Exercise description —
Line by line, restate the material word for word, omitting any image.

Given information —
········
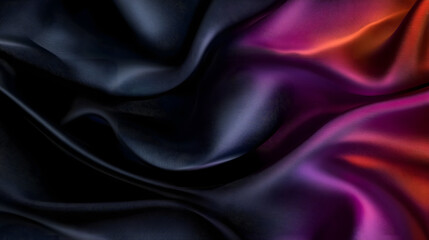 Obraz premium Silk fabric, abstract wavy black satin fabric background.&nbsp;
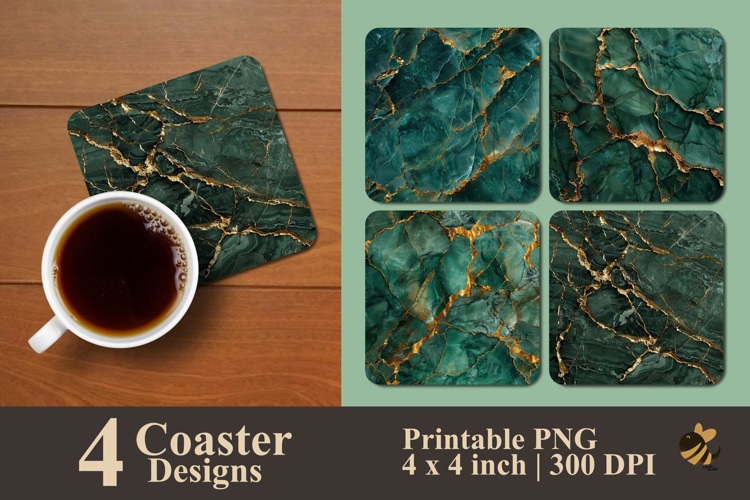 Green Marble Emerald Coaster Sublimation Design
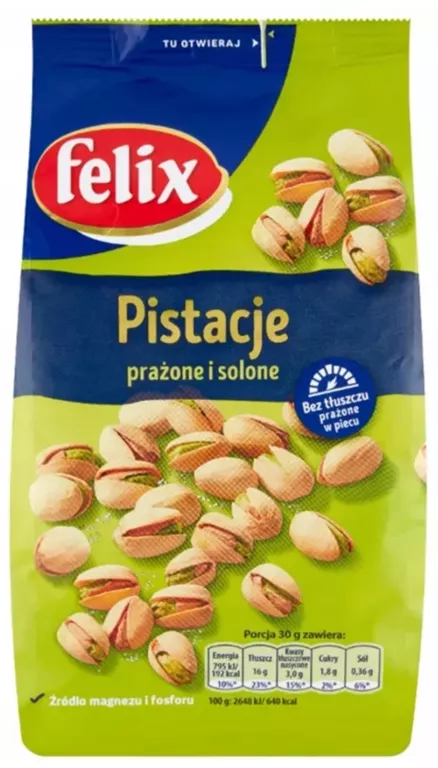 FELIX PISTACJE PRAŻONE I SOLONE 380G DUŻE OPAKOWNIE 5900571002715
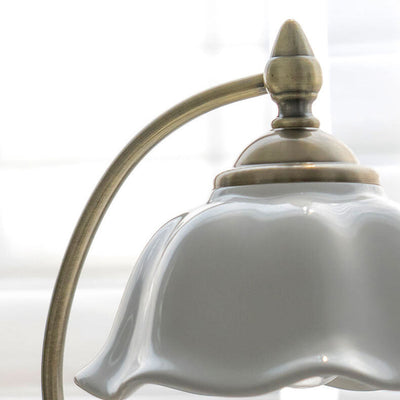 Lampe de table à 1 lumière en céramique à abat-jour en forme de fleur de noyer vintage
········
Result of this exercise —
 Obraz premium Silk fabric, abstract wavy black satin fabric background.&nbsp;
 Green Marble Emerald Coaster Sublimation Design
 FELIX PISTACJE PRAŻONE I SOLONE 380G DUŻE OPAKOWNIE 5900571002715
 Lampe de table à 1 lumière en céramique à abat-jour en forme de fleur de noyer vintage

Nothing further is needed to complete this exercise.